Boston is considered a “majority-minority” city, with white residents representing only 46.3 percent of the population, according to a 2018 Boston Planning and Development Agency analysis.

But 2016 data from the U.S. Dept. of Justice shows that public safety agencies don’t reflect that diversity. Out of the 2,073 Boston Police officers in the city, 67 percent are white and 13 percent are female. Out of 1,511 firefighters, 72 percent are white and 1 percent are female.

“I think the numbers that are often not talked about are when you move up,” Campbell said, “‘when you look at the top tier ranks.”

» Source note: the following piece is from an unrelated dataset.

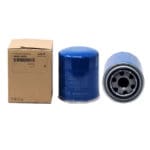 Oil Filter Kia K2700 Genuine Kia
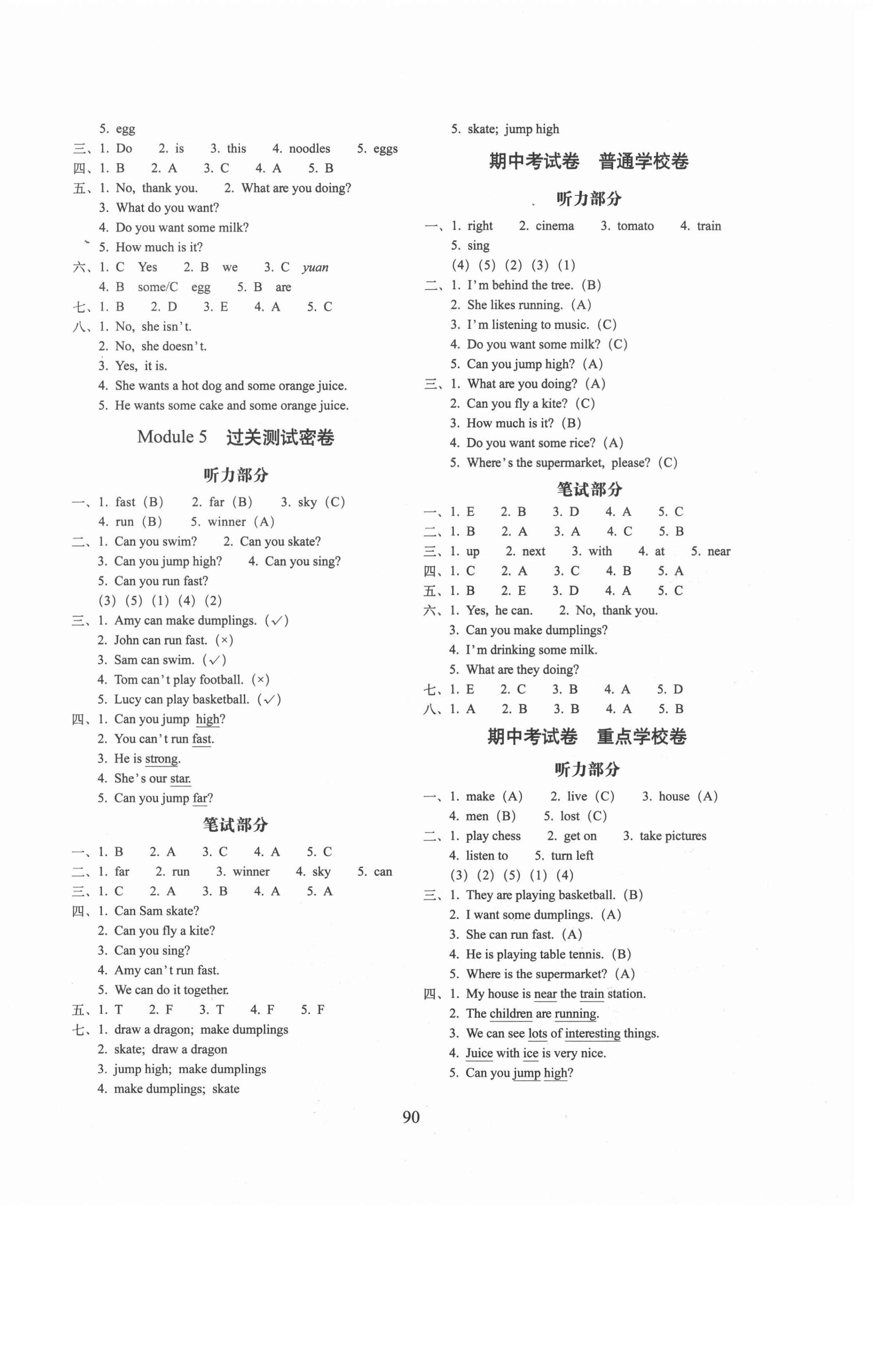 2020年期末沖刺100分完全試卷四年級(jí)英語(yǔ)上冊(cè)外研版三起 第2頁(yè)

Leadership positions present an even larger disparity. Out of the 121 BPD lieutenants, captains and superintendents, 86 percent are white and 7 percent are female. In the fire department, out of 367 deputies, captains and district chiefs, 83 percent are white and less than 1 percent are female. Out of 44 EMS chiefs, superintendents and captains, 73 percent are white and 23 percent are female.

The city hired an outside counsel following a recent Boston Globe report detailing harassment and discrimination reports from female firefighters.

Campbell, who released her own report, detailed 10 recommendations for the city to increase diversity, including providing diversity officers with more resources and a proposed study on civil service, or the hiring guidelines for public safety jobs.

“We have some folks in the departments who say it’s civil service that hinders our ability to increase the ability to increase the number of women and people of color, some say maybe not,” Campbell said. “So I say, let’s study it [and] look at the pros and cons of this system.”